脇道から突然出てきた四輪車、見通しの悪いコーナーの先に現れた対向車、前方を走行する車両の急ブレーキ……。バイクに乗っていて、事故には至らなかったものの、あと少しタイミングが違えば接触していたかもしれないと、ヒヤリとする瞬間に出会うことがあります。こうした出来事は「ヒヤリハット」と呼ばれ、事故の一歩手前ともいえる状況です。事故にならなかったことでそのまま忘れてしまいがちですが、振り返ってみると、そこには共通する危険のパターンが潜んでいることも少なくありません。そこで今回は、実際にライダーが経験したヒヤリハット事例と回避策について、モータージャーナリスト宮城光さんに聞きました。「なぜ危険だったのか」「どうすれば防げたのか」。4つのヒヤリハット事例を通して、走行中に潜むリスクを改めて確認していきましょう。

宮城光さん

全日本ロード選手権や全米選手権でのチャンピオン経験を持つレジェンドライダー。現在は安全運転の啓発やライディング技術の指導など、モビリティスペシャリストとして多方面で活躍中。レーサーとしての経験と長年バイクと向き合ってきたからこその知見は、多くのライダーから支持されています。

ヒヤリハットはどんな場面で起きる?

ヒヤリハットは、日常の運転のなかで誰にでも起こり得ます。特に交差点や駐車場の出入口のように視界が制限されやすい場所、渋滞の車列の間ですり抜けをしている時、峠道のコーナーなど、注意力が分散しやすいシチュエーションでは特に発生しやすくなります。こうした場面では、「見落としていた危険」が突如顔を出すもの。ライダーがヒヤリとする瞬間は、ほんの一瞬の判断や意識の差で事故に直結することもあるため、日頃からリスクを察知する感覚を養うことが重要です。

事例① 駐車場から突然出てくる車

状況

市街地を走行中、コンビニ駐車場から車が突然飛び出してきた。
ブレーキで回避したが、接触寸前だった。

危険ポイント

  • 死角になっている駐車場出口
  • 運転者がこちらを見ていない場合の飛び出し

回避ポイント

  • 運転者の顔を見る
  • 飛び出しを前提に走る

宮城光さんの分析

「駐車場から出てくる車に対しては、危険予測をどれだけできているかがポイントです。コンクリートの壁や建物の角で死角がある場合、そこに人や車がいるかもしれないと常に意識して運転することが大事です。むしろ出てくることを前提に考えて、あらかじめ速度を落としたり、車線内で右側に寄ったり、場合によってはライトの点灯で自分の存在を知らせたりと、こちら側も工夫しなければなりません。

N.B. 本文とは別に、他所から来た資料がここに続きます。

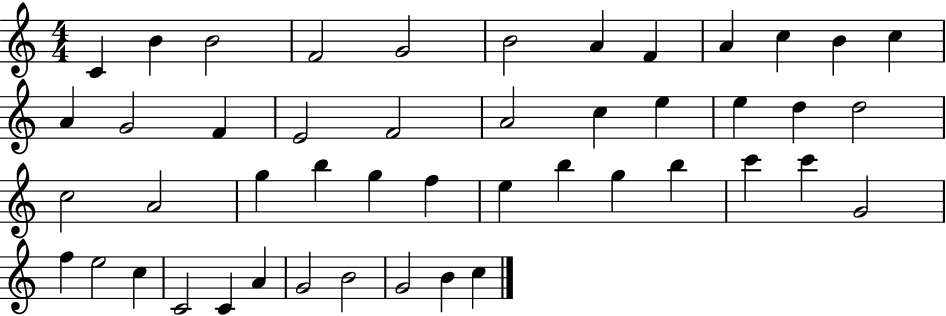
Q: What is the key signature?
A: C major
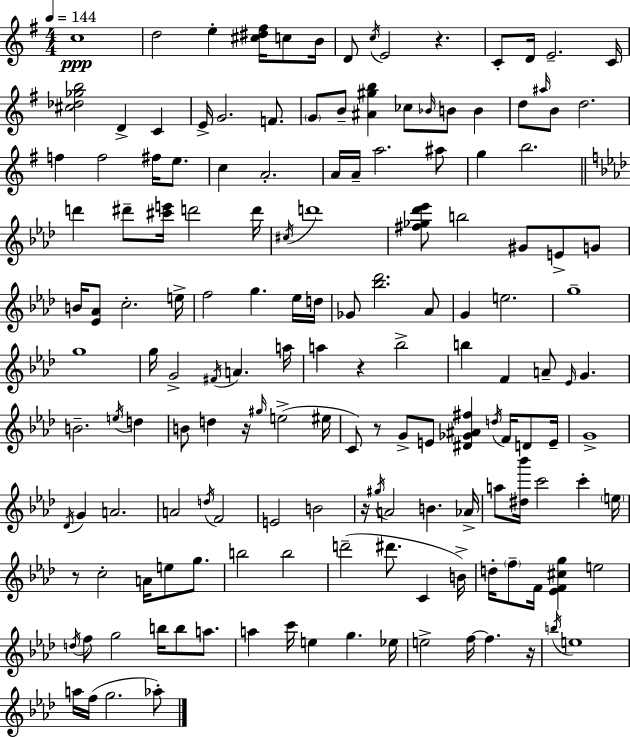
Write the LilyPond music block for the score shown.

{
  \clef treble
  \numericTimeSignature
  \time 4/4
  \key g \major
  \tempo 4 = 144
  c''1\ppp | d''2 e''4-. <cis'' dis'' fis''>16 c''8 b'16 | d'8 \acciaccatura { c''16 } e'2 r4. | c'8-. d'16 e'2.-- | \break c'16 <cis'' des'' ges'' b''>2 d'4-> c'4 | e'16-> g'2. f'8. | \parenthesize g'8 b'8-- <ais' gis'' b''>4 ces''8 \grace { bes'16 } b'8 b'4 | d''8 \grace { ais''16 } b'8 d''2. | \break f''4 f''2 fis''16 | e''8. c''4 a'2.-. | a'16 a'16-- a''2. | ais''8 g''4 b''2. | \break \bar "||" \break \key aes \major d'''4 dis'''8-- <cis''' e'''>16 d'''2 d'''16 | \acciaccatura { cis''16 } d'''1 | <fis'' ges'' des''' ees'''>8 b''2 gis'8 e'8-> g'8 | b'16 <ees' aes'>8 c''2.-. | \break e''16-> f''2 g''4. ees''16 | d''16 ges'8 <bes'' des'''>2. aes'8 | g'4 e''2. | g''1-- | \break g''1 | g''16 g'2-> \acciaccatura { fis'16 } a'4. | a''16 a''4 r4 bes''2-> | b''4 f'4 a'8-- \grace { ees'16 } g'4. | \break b'2.-- \acciaccatura { e''16 } | d''4 b'8 d''4 r16 \grace { gis''16 }( e''2-> | eis''16 c'8) r8 g'8-> e'8 <dis' ges' ais' fis''>4 | \acciaccatura { d''16 } f'16 d'8 e'16-- g'1-> | \break \acciaccatura { des'16 } g'4 a'2. | a'2 \acciaccatura { d''16 } | f'2 e'2 | b'2 r16 \acciaccatura { gis''16 } a'2 | \break b'4. aes'16-> a''8 <dis'' bes'''>16 c'''2 | c'''4-. \parenthesize e''16 r8 c''2-. | a'16 e''8 g''8. b''2 | b''2 d'''2--( | \break dis'''8. c'4 b'16->) d''16-. \parenthesize f''8-- f'16 <ees' f' cis'' g''>4 | e''2 \acciaccatura { d''16 } f''8 g''2 | b''16 b''8 a''8. a''4 c'''16 e''4 | g''4. ees''16 e''2-> | \break f''16~~ f''4. r16 \acciaccatura { b''16 } e''1 | a''16 f''16( g''2. | aes''8-.) \bar "|."
}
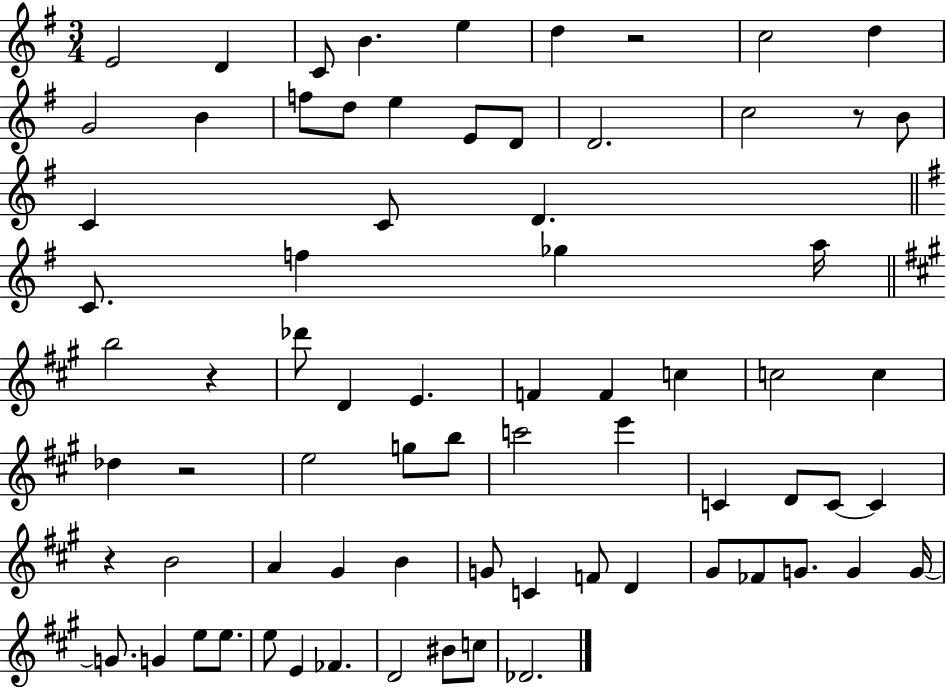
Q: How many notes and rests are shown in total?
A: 73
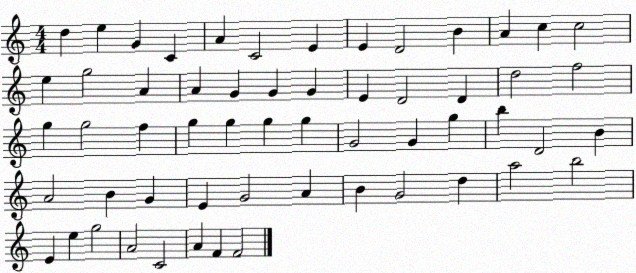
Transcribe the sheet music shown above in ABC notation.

X:1
T:Untitled
M:4/4
L:1/4
K:C
d e G C A C2 E E D2 B A c c2 e g2 A A G G G E D2 D d2 f2 g g2 f g g g g G2 G g b D2 B A2 B G E G2 A B G2 d a2 b2 E e g2 A2 C2 A F F2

また、このようなシチュエーションの場合、車や自転車、歩行者同士のコミュニケーションが取れているかどうかも重要になります。ヒヤリハットというのは、単に危険な状況に遭遇するというだけでなく、コミュニケーション不足からも生まれるものなんですよね。アイコンタクトを取るとか、手を上げるとか、ウインカーやパッシングで意思表示をするとか、そういう基本的なモビリティコミュニケーションが事故回避にもつながります。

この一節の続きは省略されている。